## DATA SEGMENT
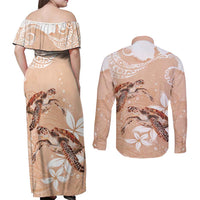 Happy Valentine's Day Polynesia Couples Matching Off Shoulder Maxi Dress and Long Sleeve Button Shirt SeaTurtle Couple Polynesian - Desert Sand Color LT14 - Polynesian Pride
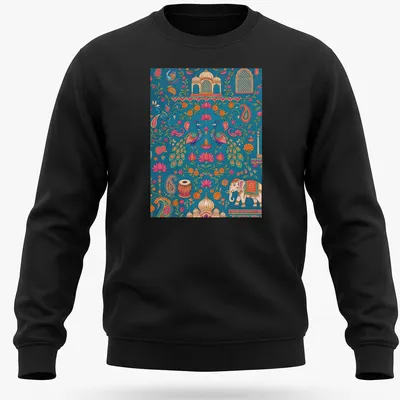 Doodle illustration of a peacock and elephant with floral patterns in vivid colors — printed on a unisex sweatshirt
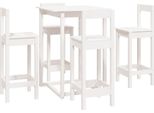 Syfax™ Set Da Bar 5 Pz Bianco In Legno Massello Di Pino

## WHAT TO PRODUCE
The whole listing must come back verbatim, with no pictures included.

## SOLUTION FOR THIS PROBLEM
 Happy Valentine's Day Polynesia Couples Matching Off Shoulder Maxi Dress and Long Sleeve Button Shirt SeaTurtle Couple Polynesian - Desert Sand Color LT14 - Polynesian Pride
 Doodle illustration of a peacock and elephant with floral patterns in vivid colors — printed on a unisex sweatshirt
 Syfax™ Set Da Bar 5 Pz Bianco In Legno Massello Di Pino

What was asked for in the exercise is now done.